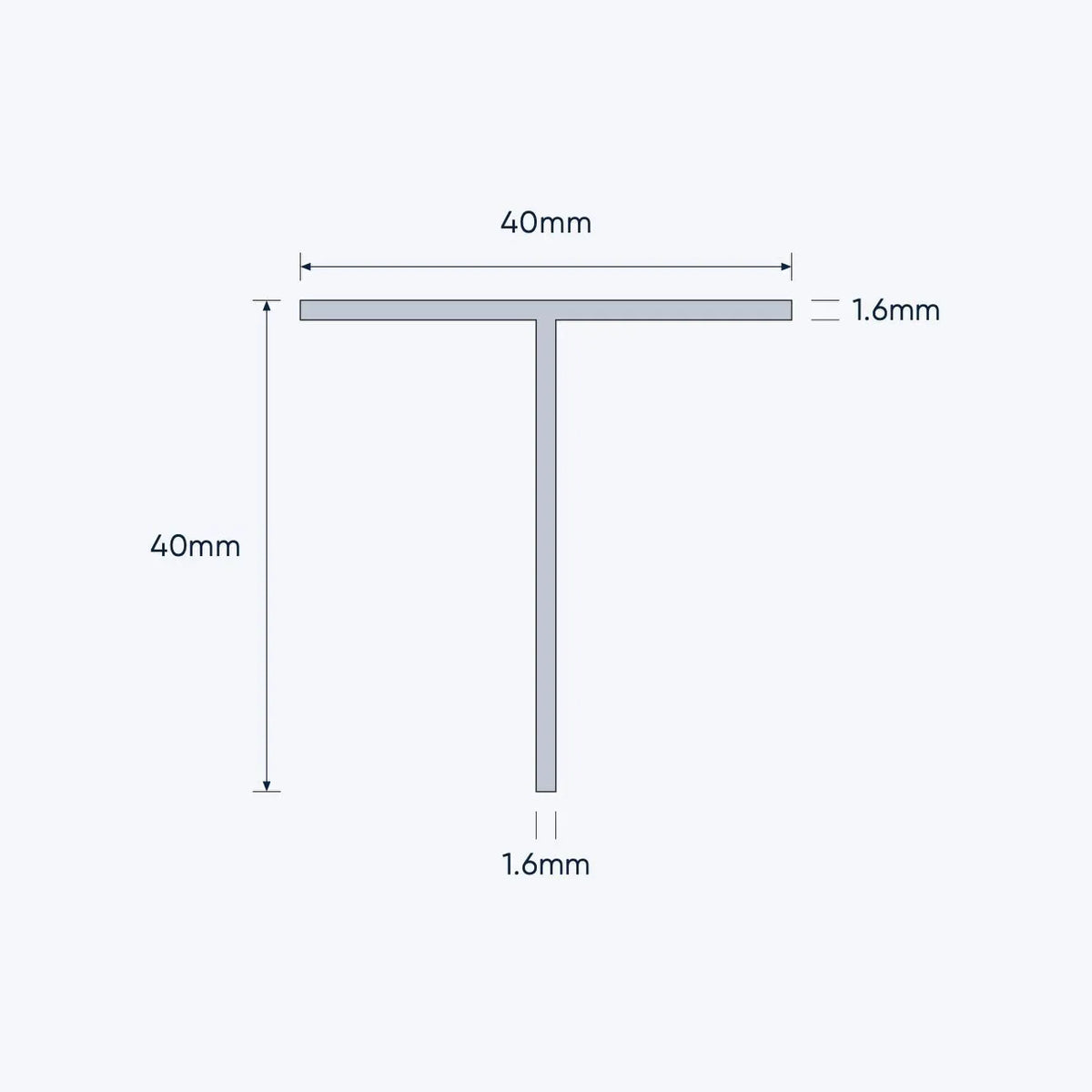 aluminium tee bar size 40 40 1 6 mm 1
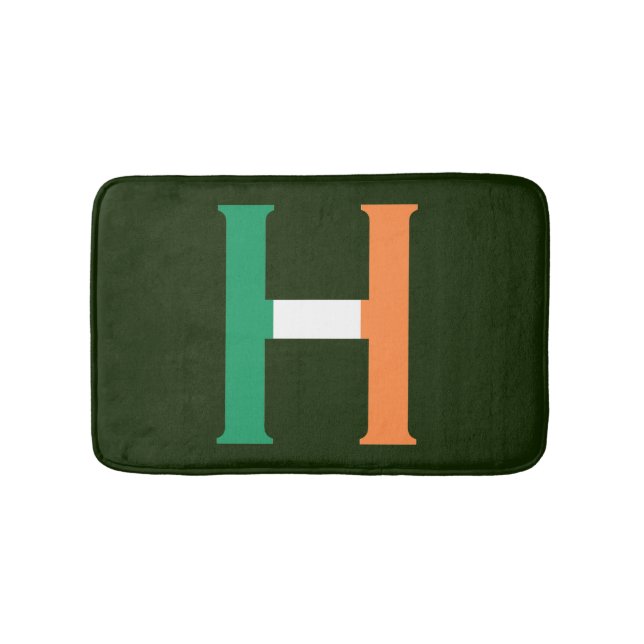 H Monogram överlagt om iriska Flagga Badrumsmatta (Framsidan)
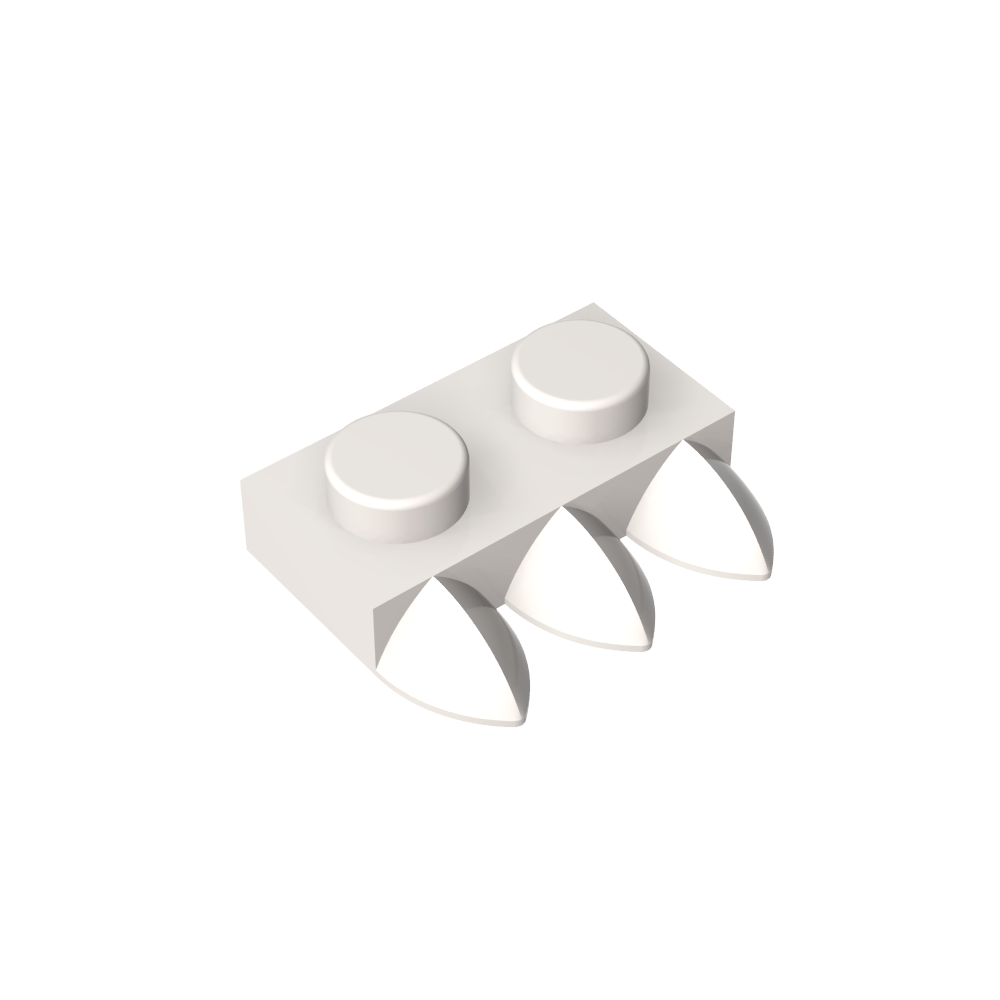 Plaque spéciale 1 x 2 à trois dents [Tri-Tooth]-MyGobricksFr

**********

=== WORK REQUIRED ===
Pictures excluded, copy exactly the lines running from the one with "H Monogram överlagt" through the last line of the material.

=== OUTPUT OF THE TASK ===
 H Monogram överlagt om iriska Flagga Badrumsmatta (Framsidan)
 Plaque spéciale 1 x 2 à trois dents [Tri-Tooth]-MyGobricksFr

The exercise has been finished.